*** Opening Raw data ***

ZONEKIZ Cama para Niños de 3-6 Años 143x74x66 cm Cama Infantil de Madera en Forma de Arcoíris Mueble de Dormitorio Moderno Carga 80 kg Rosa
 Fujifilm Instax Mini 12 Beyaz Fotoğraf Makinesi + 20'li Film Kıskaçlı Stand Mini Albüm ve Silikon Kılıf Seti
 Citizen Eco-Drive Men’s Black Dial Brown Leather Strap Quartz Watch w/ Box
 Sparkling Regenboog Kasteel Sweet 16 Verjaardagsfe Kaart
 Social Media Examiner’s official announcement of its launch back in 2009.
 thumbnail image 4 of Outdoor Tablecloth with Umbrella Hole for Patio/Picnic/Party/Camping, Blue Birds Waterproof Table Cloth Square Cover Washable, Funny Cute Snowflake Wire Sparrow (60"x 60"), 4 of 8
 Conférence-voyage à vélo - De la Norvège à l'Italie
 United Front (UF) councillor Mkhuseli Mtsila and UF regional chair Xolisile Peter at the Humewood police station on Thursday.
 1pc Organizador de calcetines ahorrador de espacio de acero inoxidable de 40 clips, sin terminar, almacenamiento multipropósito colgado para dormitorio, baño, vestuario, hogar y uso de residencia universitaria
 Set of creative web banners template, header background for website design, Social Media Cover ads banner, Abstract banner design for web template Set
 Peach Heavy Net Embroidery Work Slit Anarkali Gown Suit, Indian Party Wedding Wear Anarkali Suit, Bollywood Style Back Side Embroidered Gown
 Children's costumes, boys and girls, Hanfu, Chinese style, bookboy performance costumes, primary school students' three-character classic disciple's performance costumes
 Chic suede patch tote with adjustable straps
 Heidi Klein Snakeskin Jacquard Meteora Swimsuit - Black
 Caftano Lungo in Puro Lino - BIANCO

*** Closing Raw data ***

• Exercise aim:
Produce the material again exactly as it is shown above.

• Finished exercise:
ZONEKIZ Cama para Niños de 3-6 Años 143x74x66 cm Cama Infantil de Madera en Forma de Arcoíris Mueble de Dormitorio Moderno Carga 80 kg Rosa
 Fujifilm Instax Mini 12 Beyaz Fotoğraf Makinesi + 20'li Film Kıskaçlı Stand Mini Albüm ve Silikon Kılıf Seti
 Citizen Eco-Drive Men’s Black Dial Brown Leather Strap Quartz Watch w/ Box
 Sparkling Regenboog Kasteel Sweet 16 Verjaardagsfe Kaart
 Social Media Examiner’s official announcement of its launch back in 2009.
 thumbnail image 4 of Outdoor Tablecloth with Umbrella Hole for Patio/Picnic/Party/Camping, Blue Birds Waterproof Table Cloth Square Cover Washable, Funny Cute Snowflake Wire Sparrow (60"x 60"), 4 of 8
 Conférence-voyage à vélo - De la Norvège à l'Italie
 United Front (UF) councillor Mkhuseli Mtsila and UF regional chair Xolisile Peter at the Humewood police station on Thursday.
 1pc Organizador de calcetines ahorrador de espacio de acero inoxidable de 40 clips, sin terminar, almacenamiento multipropósito colgado para dormitorio, baño, vestuario, hogar y uso de residencia universitaria
 Set of creative web banners template, header background for website design, Social Media Cover ads banner, Abstract banner design for web template Set
 Peach Heavy Net Embroidery Work Slit Anarkali Gown Suit, Indian Party Wedding Wear Anarkali Suit, Bollywood Style Back Side Embroidered Gown
 Children's costumes, boys and girls, Hanfu, Chinese style, bookboy performance costumes, primary school students' three-character classic disciple's performance costumes
 Chic suede patch tote with adjustable straps
 Heidi Klein Snakeskin Jacquard Meteora Swimsuit - Black
 Caftano Lungo in Puro Lino - BIANCO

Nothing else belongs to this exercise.